\( \newcommand{\bm}[1]{\boldsymbol{\mathbf{#1}}} \)

Chapter 3 Generating functions

3.1 The moment generating function

We now define an entity — the moment generating function (mgf) — that enables us to find as many moments as we wish using just a single integral (or sum in the discrete case).

We define the moment generating function for \(Y\) as \[M_Y(t) = E(e^{tY}) = \int_{-\infty}^\infty e^{ty} f(y) dy,\] if \(Y\) has continuous distribution, or \[M_Y(t) = E(e^{tY}) = \sum_{y \in D} e^{ty} p(y)\] if \(Y\) has discrete distribution.

A problem with this definition is that in some cases the expectation \(E(e^{tY})\) might not be well-defined for some values of \(t\). Provided that there is some value \(h > 0\) such that the expectation \(E(e^{tY})\) exists for all \(-h < t < h\), we say the mgf is well-defined.

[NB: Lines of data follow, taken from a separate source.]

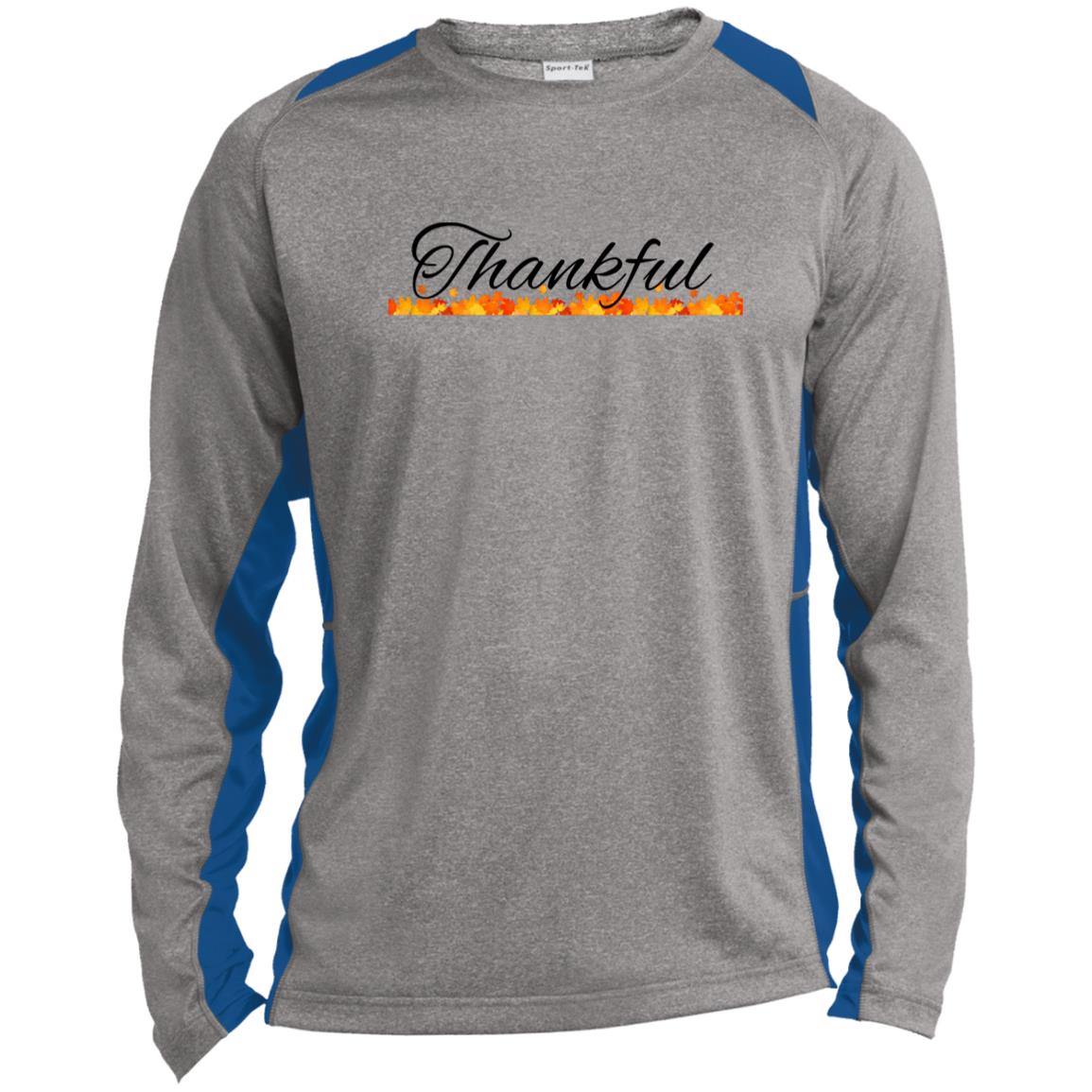 Thankful --  Long Sleeve Heather Colorblock Performance Tee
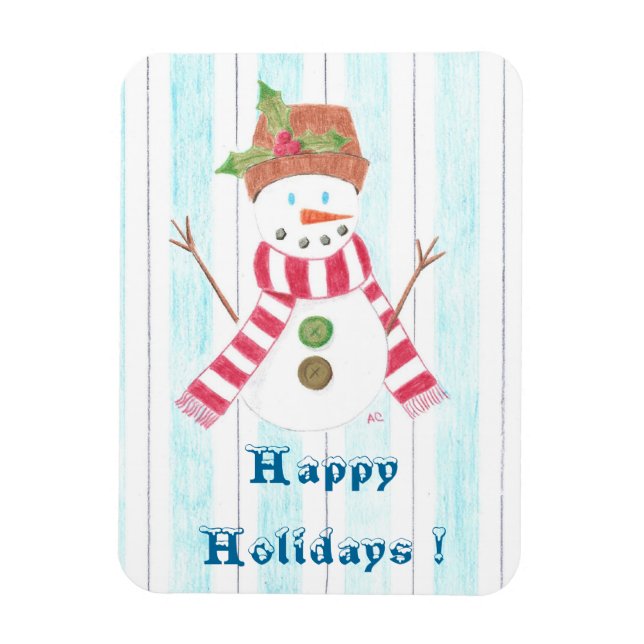 Bonhomme de neige-premiummagnet magnet (Vertikal)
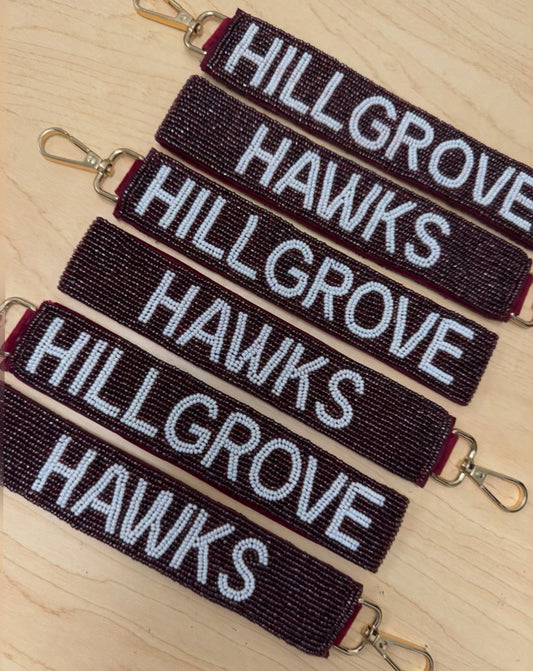 Hillgrove Hawks Beaded Keychain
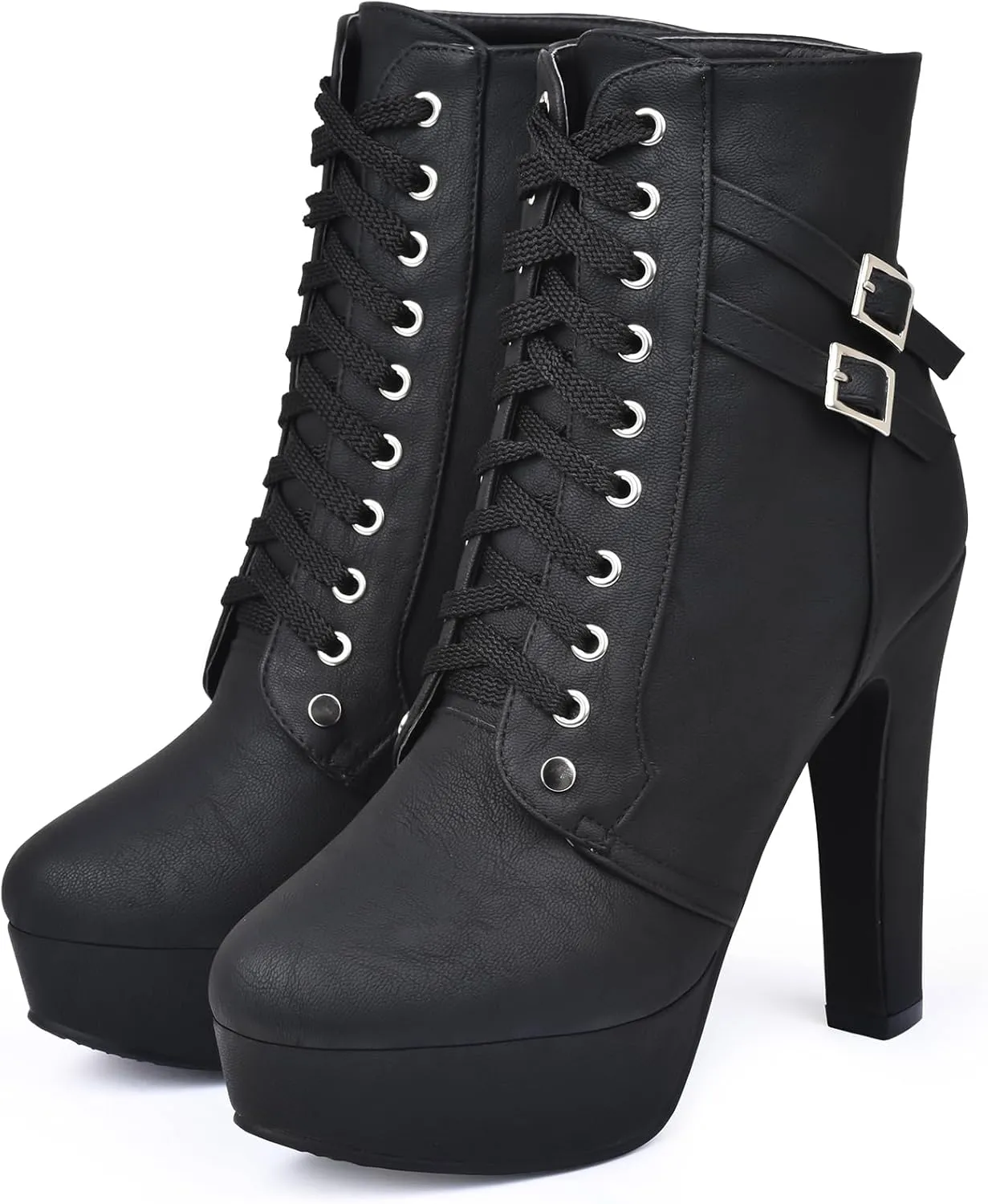 Susanny High Heel Boots for Women,Womens Platform Boot Heels Sexy Round Toe Lace UP High Heels Mid Calf Boots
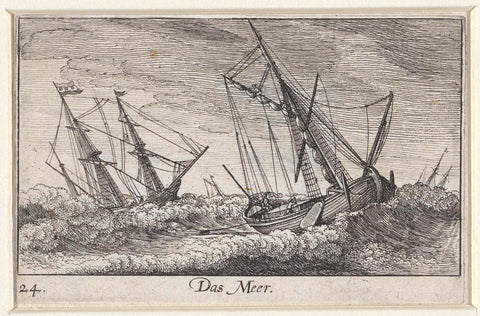 Boats at sea, Wenceslaus Hollar, 1635 Canvas Print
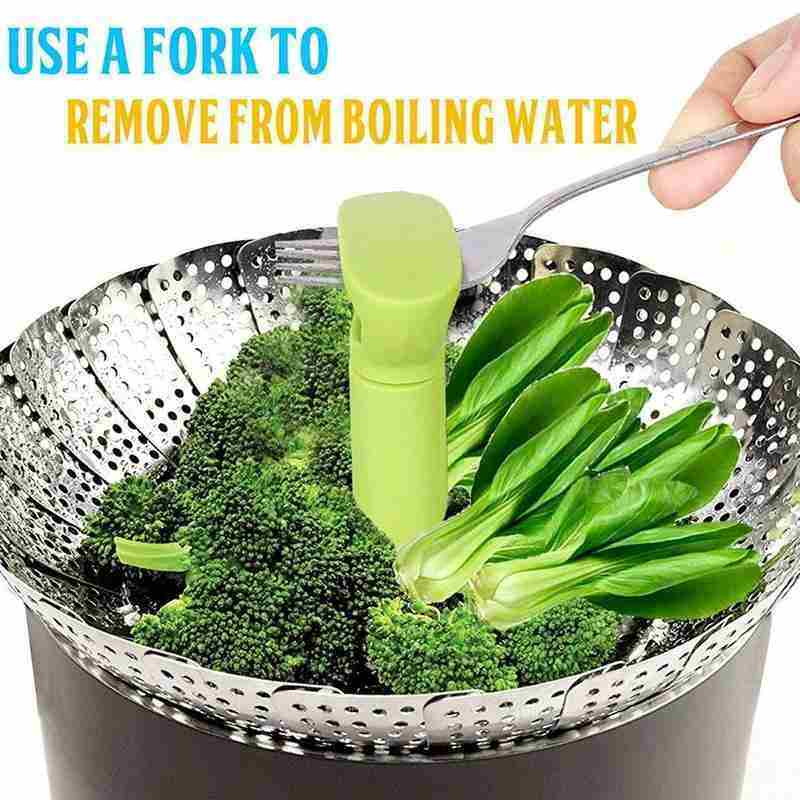 dropship Steel Folding Steamer Basket Steel Fish Steamed Steamer Vegetable Steamer Telescopic V0B3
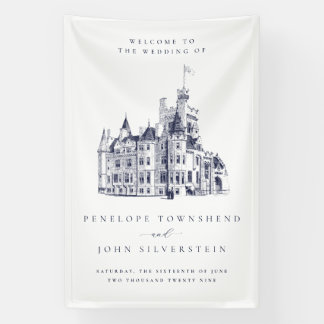 Elegante Herenkasteel Bestemming Trouwfeest Spandoek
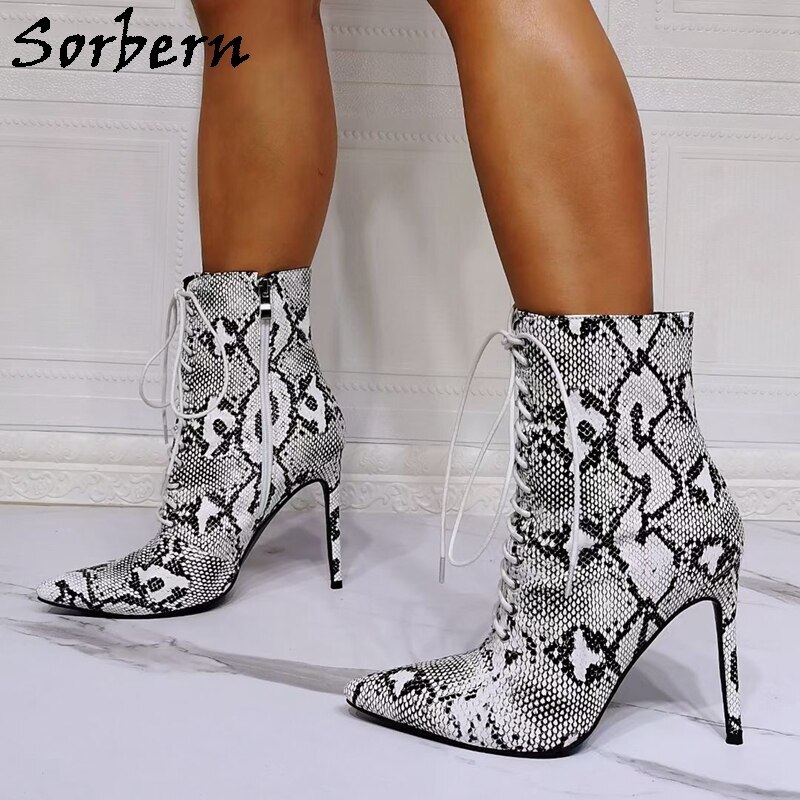 Sorbern Black White Snake Ankle Boots Lace Up Pointed Toe High Heels Size 12 Booties Lace Up Heels Sapatos Femininos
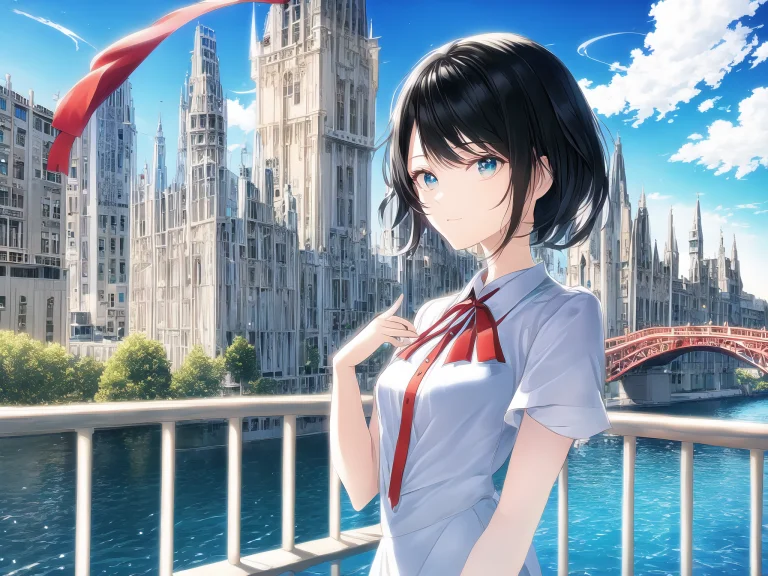 1girl,bangs,blackhair,bluesky,bridge,building,castle,city,ci...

Consider \(e^{ty}\) expanded as a power series in \(t\): \[e^{ty} = 1 + ty + \frac{(ty)^2}{2!} + \frac{(ty)^3}{3!} + \ldots = \sum_{k=0}^\infty \frac{(ty)^k}{k!}.\] We can use this power series expansion to see that \[\begin{equation} M_Y(t) = E(e^{tY}) = E\left\{ \sum_{k=0}^\infty \frac{t^k Y^k}{k!} \right\} = \sum_{k=0}^\infty \frac{t^k E(Y^k)}{k!} = \sum_{k=0}^\infty \frac{t^k \mu_k^\prime}{k!}. \tag{3.1} \end{equation}\]

The moment generating function allows us to easily find any moment \(\mu_r^\prime\), by using the following result.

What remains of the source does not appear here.